Omit the pictures, but give back every entry below exactly as written.

▶

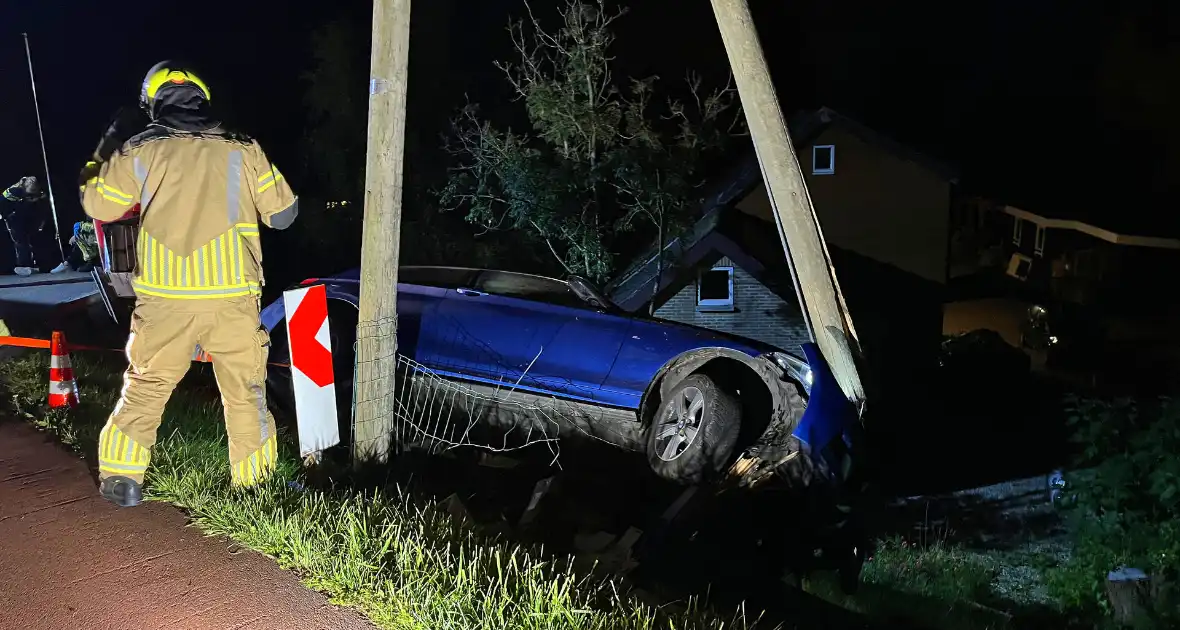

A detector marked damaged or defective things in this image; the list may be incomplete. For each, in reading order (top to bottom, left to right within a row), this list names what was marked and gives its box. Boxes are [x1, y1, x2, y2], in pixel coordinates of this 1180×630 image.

crashed vehicle [262, 264, 860, 492]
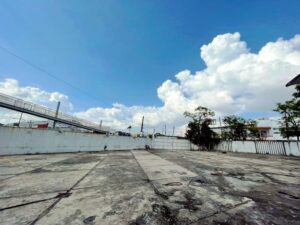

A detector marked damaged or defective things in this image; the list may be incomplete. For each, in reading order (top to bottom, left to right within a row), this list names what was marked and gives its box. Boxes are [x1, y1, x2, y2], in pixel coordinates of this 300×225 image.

cracked concrete pavement [0, 149, 298, 225]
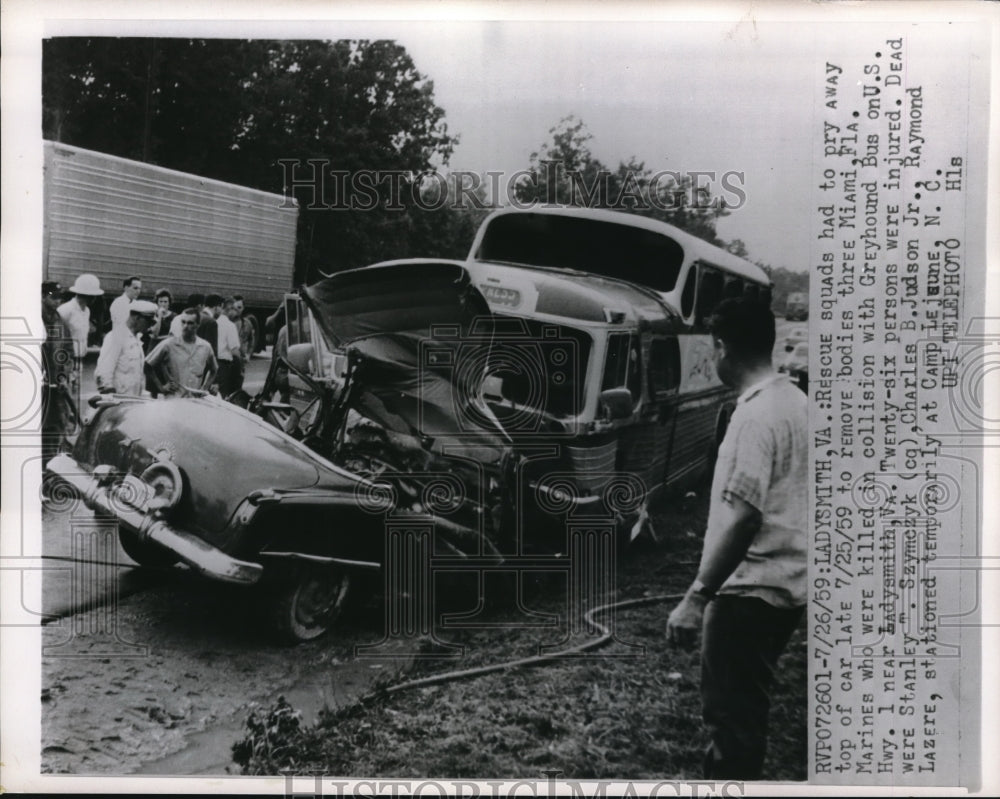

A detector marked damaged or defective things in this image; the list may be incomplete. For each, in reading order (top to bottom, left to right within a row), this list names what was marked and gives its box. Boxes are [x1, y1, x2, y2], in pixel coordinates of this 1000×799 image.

twisted car frame [47, 208, 768, 644]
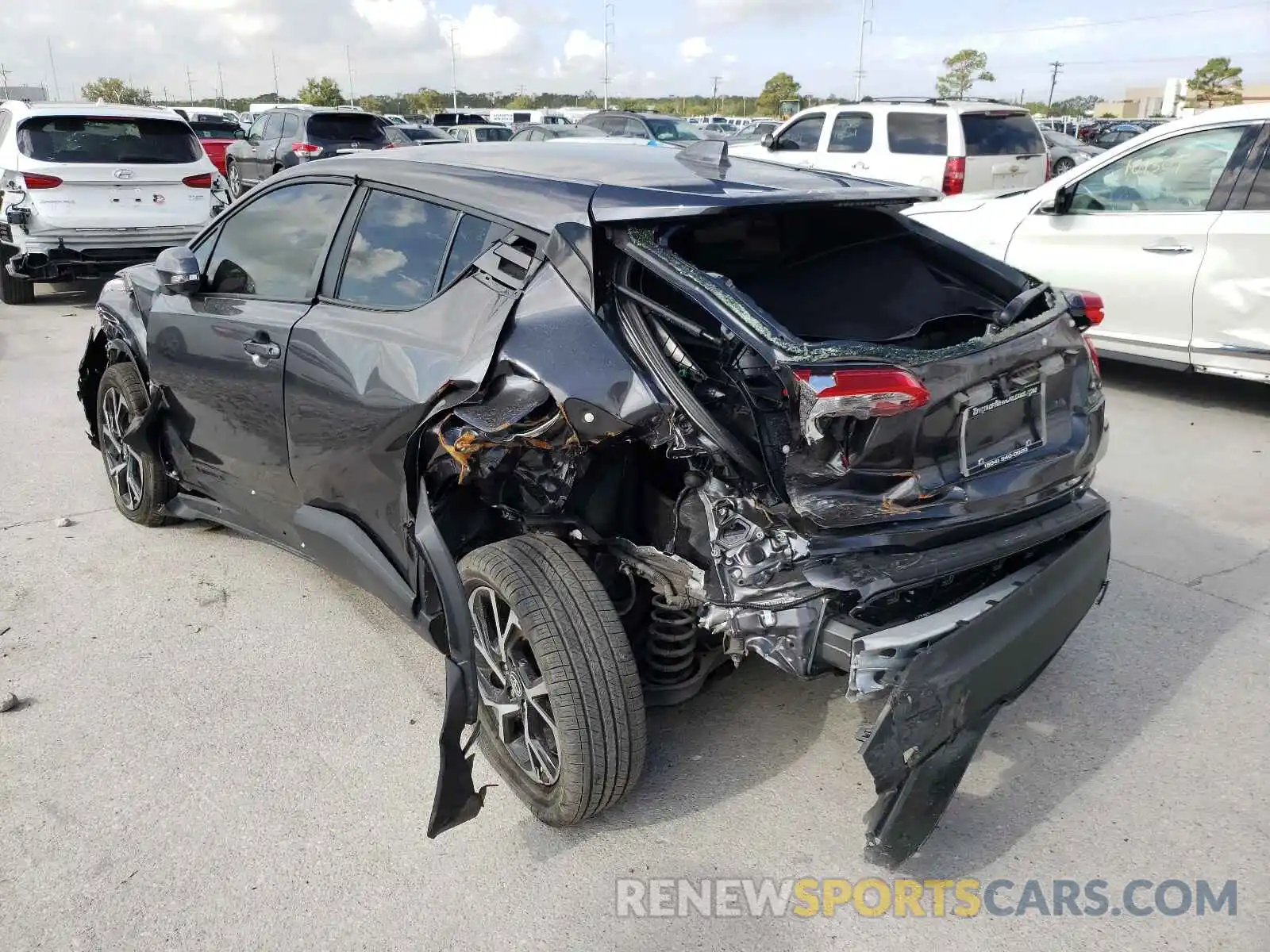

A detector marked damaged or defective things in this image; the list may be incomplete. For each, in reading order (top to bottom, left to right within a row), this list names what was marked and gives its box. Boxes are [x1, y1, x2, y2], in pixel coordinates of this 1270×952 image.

◀

--- Written answer ---
A detector marked damaged or defective things in this image; the list may be incomplete. For each, in reading order (top to bottom, left to right within a row), this list names what was marked and gives its box. Boxes are [x1, y1, x2, y2], in pixel coordinates of this 1180×630 image.

crashed vehicle [262, 264, 860, 492]

A detector marked damaged or defective things in this image; the list may be incomplete. For each, in reading order (top to bottom, left to right within a row), this list names what was marked and gives its box. Boxes are [x1, y1, x2, y2], in pixel coordinates of this 300×225 image.

cracked concrete pavement [0, 149, 298, 225]

A detector marked damaged or defective things in this image; the list may be incomplete. For each, in reading order (top to bottom, left to right within a row), this list names what was marked and gives its box. Boxes are [x1, y1, x2, y2], in pixel coordinates of this 1000×799 image.

twisted car frame [47, 208, 768, 644]

A detector marked damaged or defective things in this image; the list may be incomplete. For each, in reading order (top to bottom, left to right within a row), this list names what was marked and gives its box. Boxes are [x1, y1, x2, y2], in pixel coordinates of this 1270×952 image.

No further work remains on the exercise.